» Requirement
For this exercise, return all the data word for word, with images left out.

» Stored data
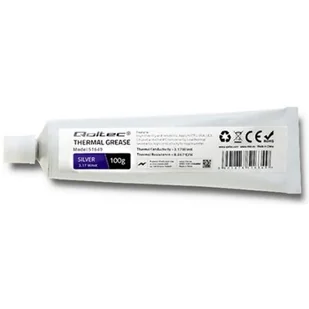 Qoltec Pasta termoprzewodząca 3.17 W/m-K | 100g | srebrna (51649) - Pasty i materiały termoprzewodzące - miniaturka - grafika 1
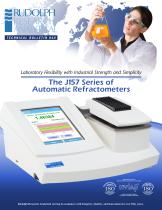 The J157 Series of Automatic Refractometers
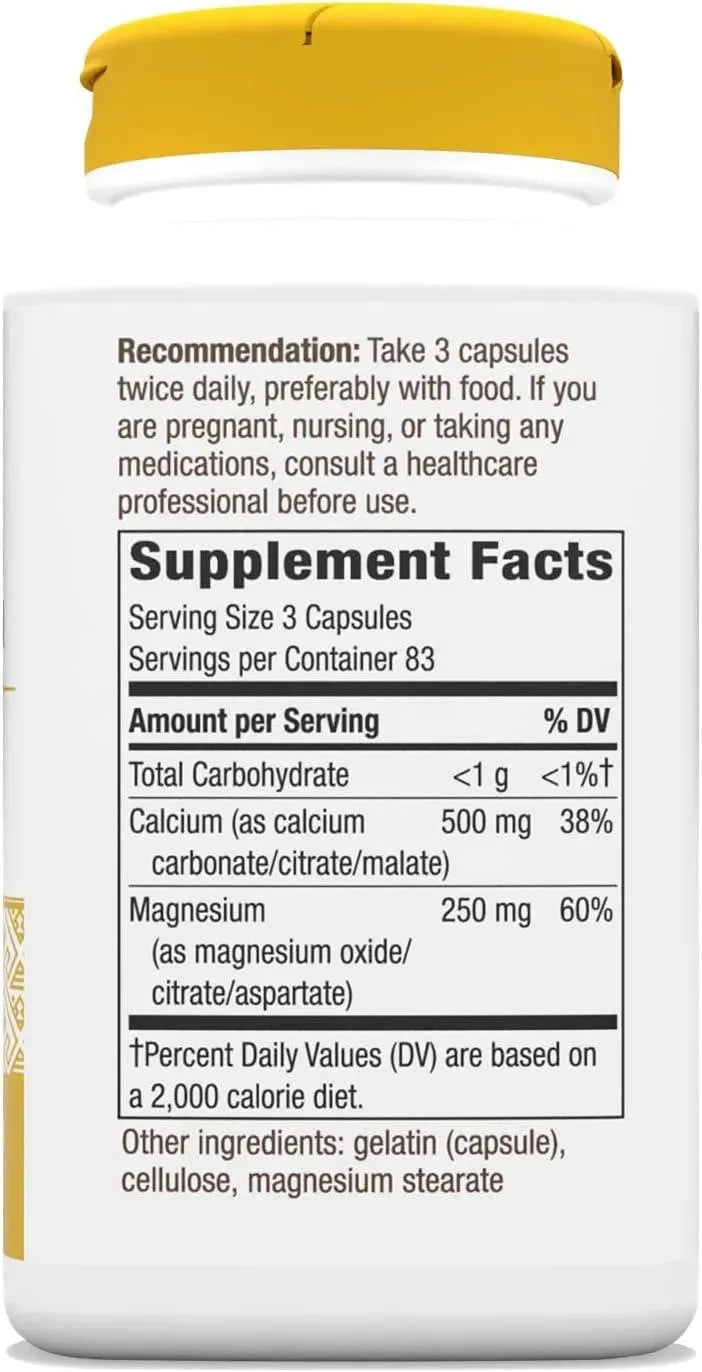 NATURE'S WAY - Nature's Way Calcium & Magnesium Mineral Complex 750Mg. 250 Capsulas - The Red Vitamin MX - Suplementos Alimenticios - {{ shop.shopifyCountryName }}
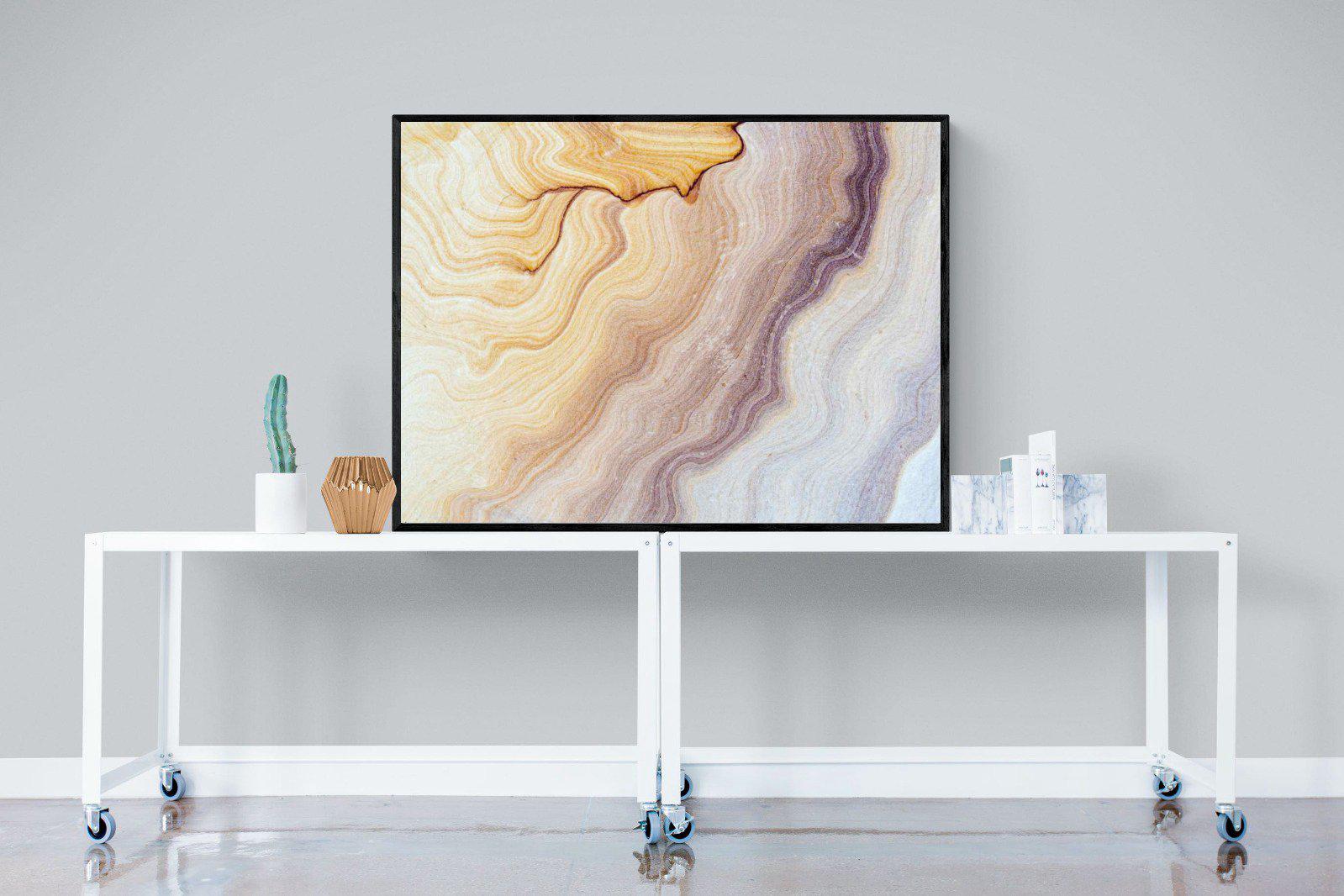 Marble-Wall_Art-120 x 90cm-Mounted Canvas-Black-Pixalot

» Answer for this exercise
 Qoltec Pasta termoprzewodząca 3.17 W/m-K | 100g | srebrna (51649) - Pasty i materiały termoprzewodzące - miniaturka - grafika 1
 The J157 Series of Automatic Refractometers
 NATURE'S WAY - Nature's Way Calcium & Magnesium Mineral Complex 750Mg. 250 Capsulas - The Red Vitamin MX - Suplementos Alimenticios - {{ shop.shopifyCountryName }}
 Marble-Wall_Art-120 x 90cm-Mounted Canvas-Black-Pixalot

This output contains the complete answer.